2. To intercept a corps and prevent its junction with the main body of the enemy, or to facilitate the approach of your own reinforcements.

3. To observe and hold in position a large portion of the opposing army, while a blow is struck at the remainder.

4. To carry off a considerable convoy of provisions or munitions, on receiving which depended the continuance of a siege or the success of any strategic enterprise, or to protect the march of a convoy of your own.

5. To make a demonstration to draw the enemy in a direction where you wish him to go, in order to facilitate the execution of an enterprise in another direction.

6. To mask, or even to invest, one or more fortified places for a certain time, with a view either to attack or to keep the garrison shut up within the ramparts.

7. To take possession of an important point upon the communications of an enemy already retreating.

However great may be the temptation to undertake such operations as those enumerated, it must be constantly borne in mind that they are always secondary in importance, and that the essential thing is to be successful at the decisive points. A multiplication of detachments must, therefore, be avoided. Armies have been destroyed for no other reason than that they were not kept together.

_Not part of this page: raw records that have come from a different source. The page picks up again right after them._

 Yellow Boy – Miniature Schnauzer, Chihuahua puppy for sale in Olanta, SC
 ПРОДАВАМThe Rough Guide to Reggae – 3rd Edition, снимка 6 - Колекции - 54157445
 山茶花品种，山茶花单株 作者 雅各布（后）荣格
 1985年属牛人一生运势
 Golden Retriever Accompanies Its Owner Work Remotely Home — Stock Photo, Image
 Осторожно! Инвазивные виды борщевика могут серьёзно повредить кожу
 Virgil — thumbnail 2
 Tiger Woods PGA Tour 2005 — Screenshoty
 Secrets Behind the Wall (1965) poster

We will here refer to several of these enterprises, to show that their success depends sometimes upon good fortune and sometimes upon the skill of their designer, and that they often fail from faulty execution.

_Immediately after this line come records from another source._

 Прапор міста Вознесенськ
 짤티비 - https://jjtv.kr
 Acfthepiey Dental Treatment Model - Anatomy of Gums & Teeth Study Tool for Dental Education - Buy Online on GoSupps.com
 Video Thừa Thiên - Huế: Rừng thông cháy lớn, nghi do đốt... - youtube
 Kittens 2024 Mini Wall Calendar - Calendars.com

Peter the Great took the first step toward the destruction of Charles XII. by causing the seizure, by a strong detachment, of the famous convoy Lowenhaupt was bringing up. Villars entirely defeated at Denain the large detachment Prince Eugene sent out in 1709 under D'Albermale.

The destruction of the great convoy Laudon took from Frederick during the siege of Olmutz compelled the king to evacuate Moravia. The fate of the two detachments of Fouquet at Landshut in 1760, and of Fink at Maxen in 1759, demonstrates how difficult it is at times to avoid making detachments, and how dangerous they may be. To come nearer our own times, the disaster of Vandamme at Culm was a bloody lesson, teaching that a corps must not be thrust forward too boldly: however, we must admit that in this case the operation was well planned, and the fault was not so much in sending out the detachment as in not supporting it properly, as might easily have been done. That of Fink was destroyed at Maxen nearly on the same spot and for the same reason.